------ Material for this exercise

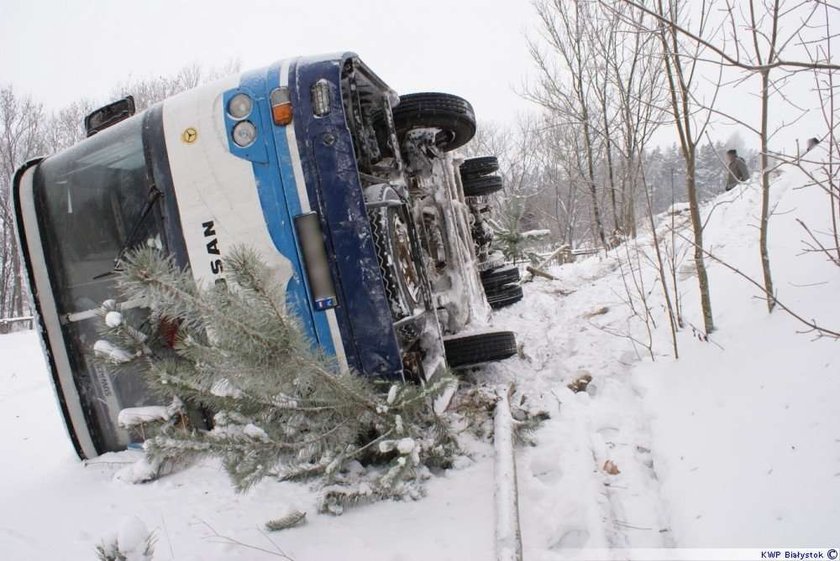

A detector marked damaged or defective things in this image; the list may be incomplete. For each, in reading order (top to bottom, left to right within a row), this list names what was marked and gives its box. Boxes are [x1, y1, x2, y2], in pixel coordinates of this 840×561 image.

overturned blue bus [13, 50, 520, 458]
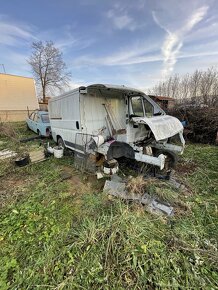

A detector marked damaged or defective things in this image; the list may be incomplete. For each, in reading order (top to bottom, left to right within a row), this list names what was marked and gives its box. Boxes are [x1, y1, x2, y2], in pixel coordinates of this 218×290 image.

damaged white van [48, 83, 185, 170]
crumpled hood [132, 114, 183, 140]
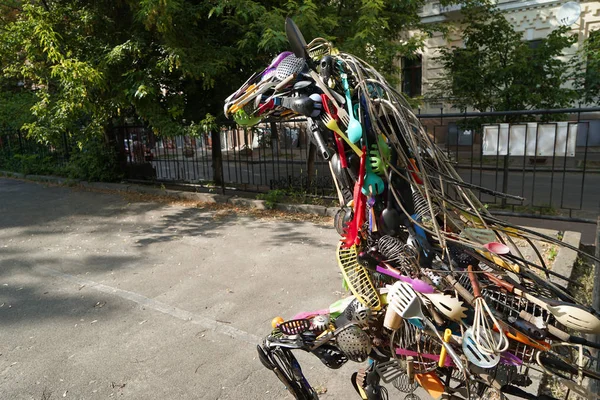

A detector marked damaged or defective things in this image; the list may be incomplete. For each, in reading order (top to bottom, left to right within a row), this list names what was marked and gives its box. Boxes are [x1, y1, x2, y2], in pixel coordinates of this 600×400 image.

------------

What you will do:
Please reproduce only the lines from the one holding "this 218×290 image." through the final line of the listing above, both included, with each picture left out.

Reply to the exercise:
A detector marked damaged or defective things in this image; the list may be incomplete. For each, in reading order (top to bottom, left to right within a row), this list names what was marked and gives its box. Boxes are [x1, y1, x2, y2], in pixel coordinates of this 218×290 image.

damaged white van [48, 83, 185, 170]
crumpled hood [132, 114, 183, 140]

A detector marked damaged or defective things in this image; the list may be incomplete. For each, in reading order (top to bottom, left to right within a row), this list names what was marked and gives its box. Boxes are [x1, y1, x2, y2], in pixel coordinates of this 600×400 image.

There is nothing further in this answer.